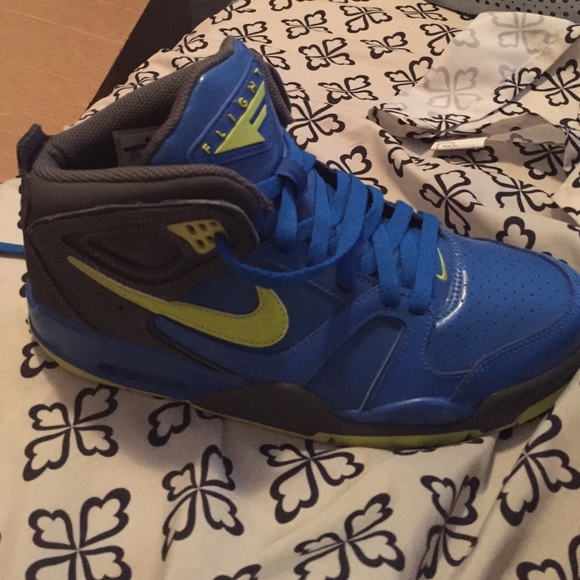 Nike Flight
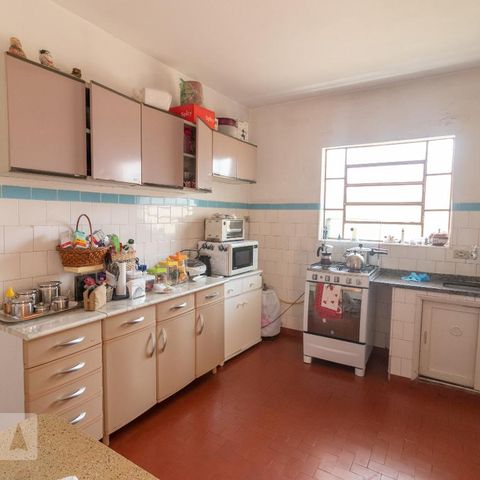 Casa à venda com 250m², 4 quartos e 2 vagasCozinha 2 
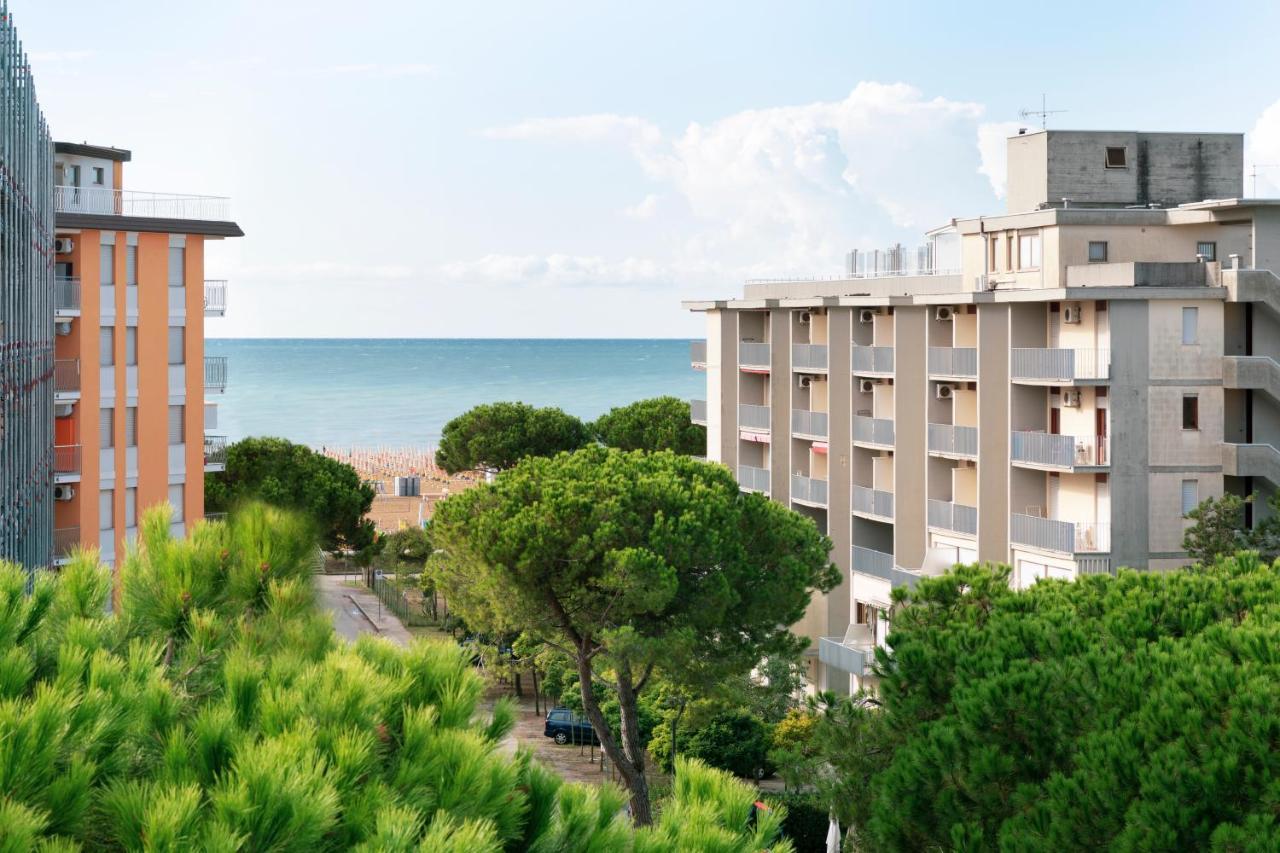 Hotel Golf ***S Бибионе Экстерьер фото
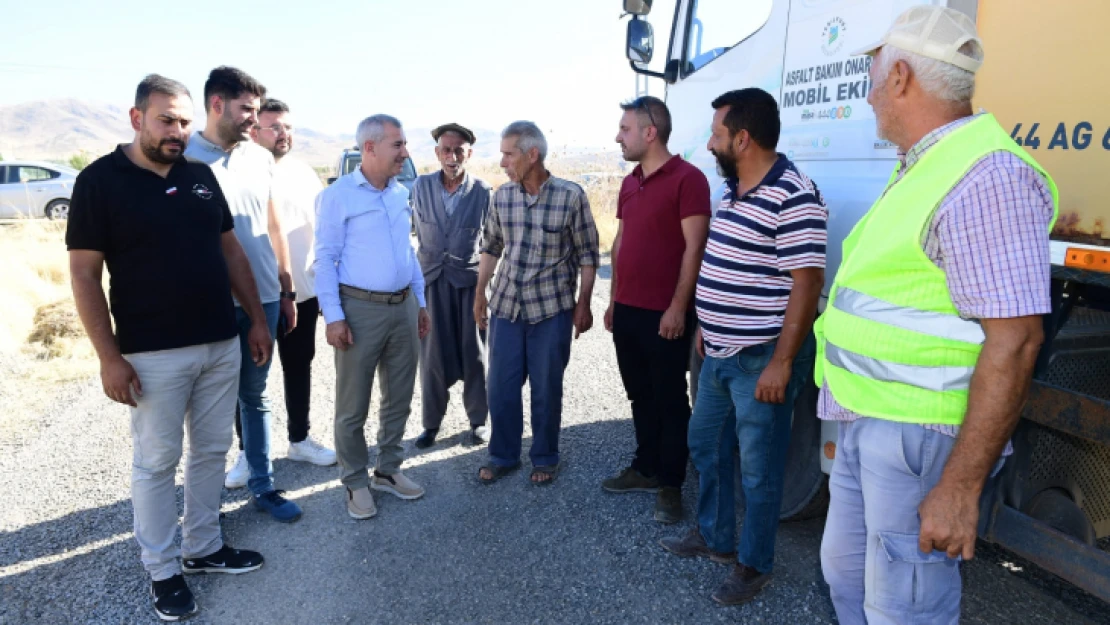 Yeşilyurt Belediyesi Kırsal Mahallelerdeki Yol Yatırımlarına Ağırlık Veriyor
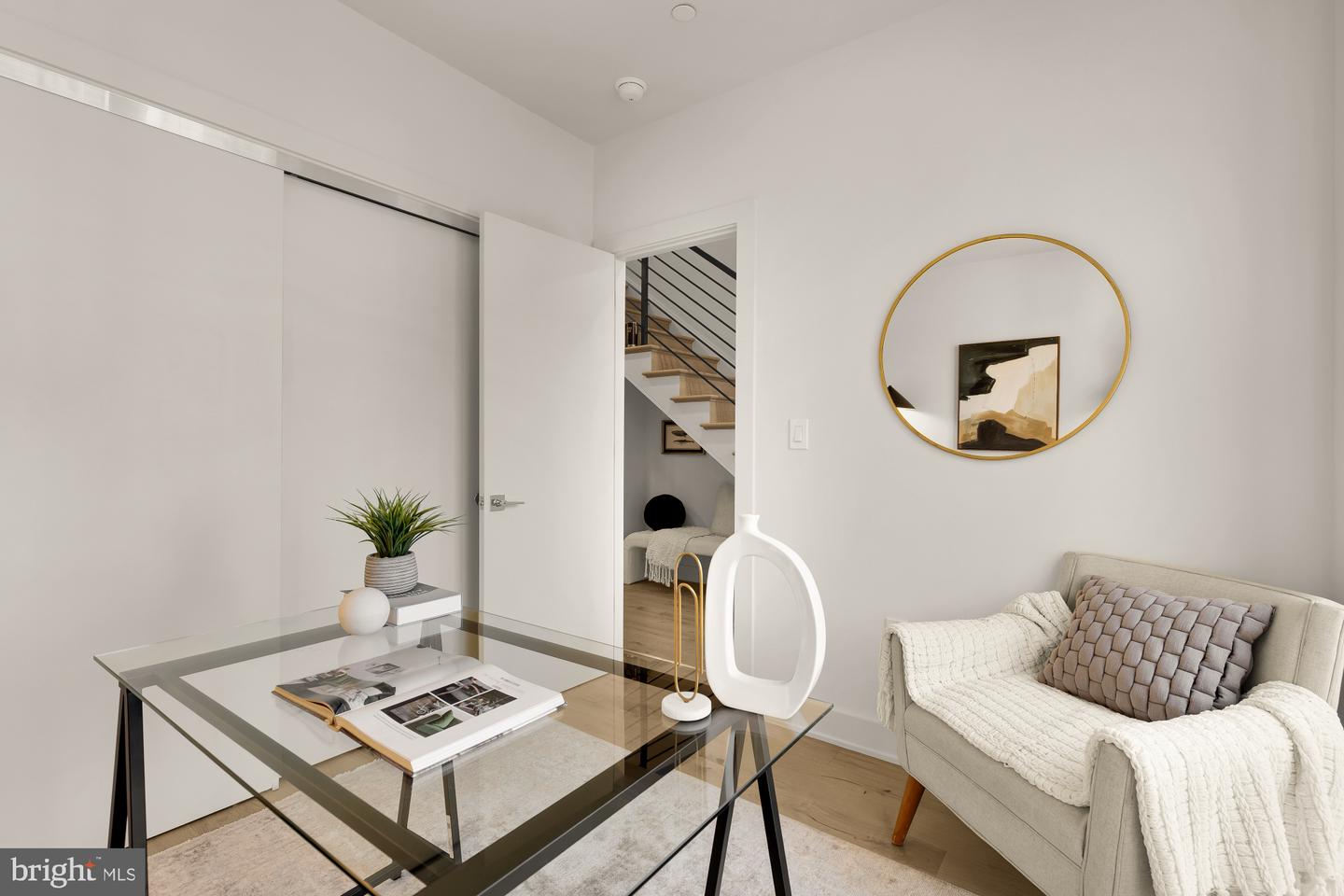 2647 41ST ST NW #4, WASHINGTON, District Of Columbia 20007, 3 Bedrooms Bedrooms, ,2 BathroomsBathrooms,Residential,For sale,2647 41ST ST NW #4,DCDC2230774 MLS # DCDC2230774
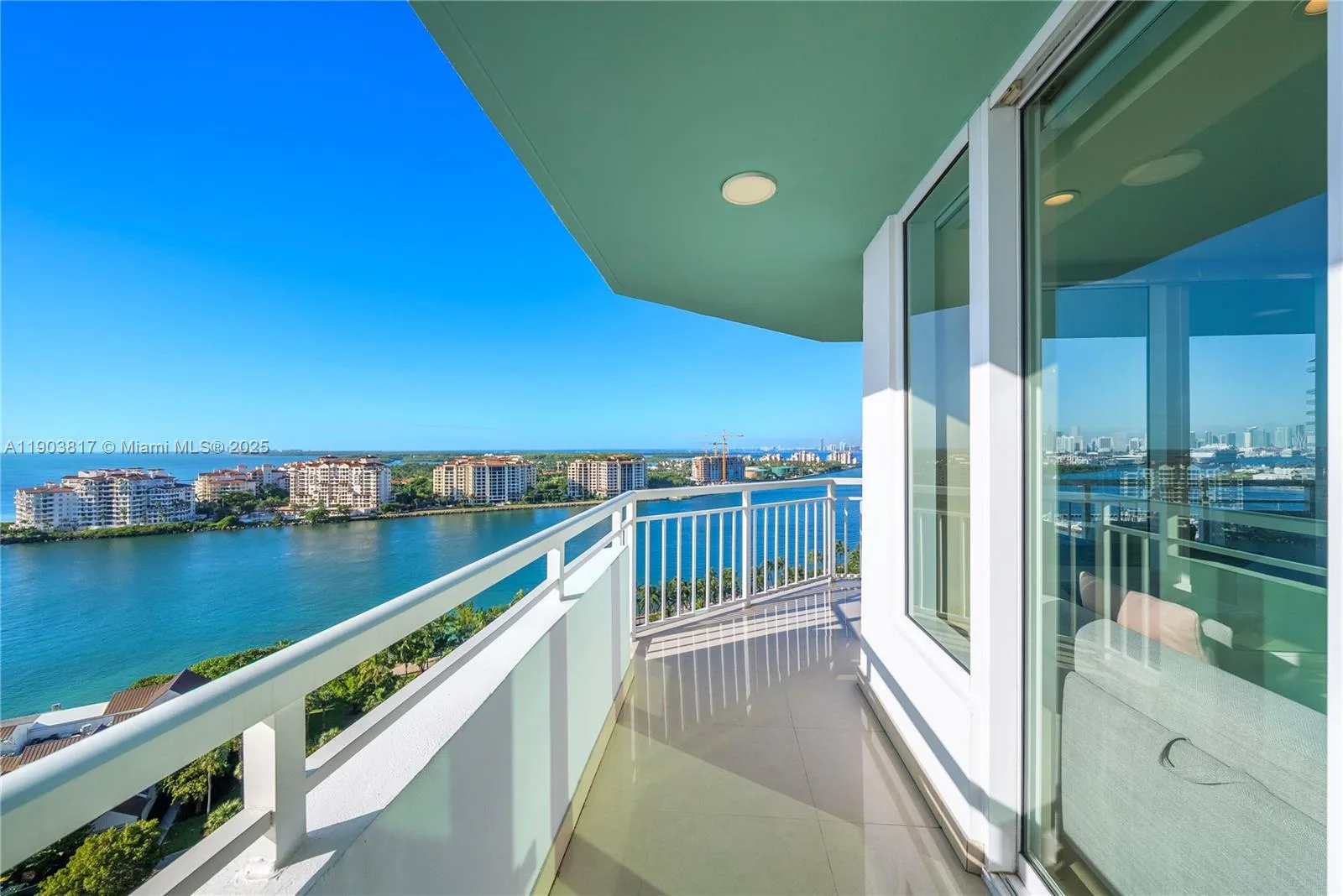400 S Pointe Dr # 2003, Miami Beach, FL 33139 photo 4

AIM OF THE TASK: The reply should repeat the listing above exactly and contain no pictures.

RESULT OF THE TASK:
 Nike Flight
 Casa à venda com 250m², 4 quartos e 2 vagasCozinha 2 
 Hotel Golf ***S Бибионе Экстерьер фото
 Yeşilyurt Belediyesi Kırsal Mahallelerdeki Yol Yatırımlarına Ağırlık Veriyor
 2647 41ST ST NW #4, WASHINGTON, District Of Columbia 20007, 3 Bedrooms Bedrooms, ,2 BathroomsBathrooms,Residential,For sale,2647 41ST ST NW #4,DCDC2230774 MLS # DCDC2230774
400 S Pointe Dr # 2003, Miami Beach, FL 33139 photo 4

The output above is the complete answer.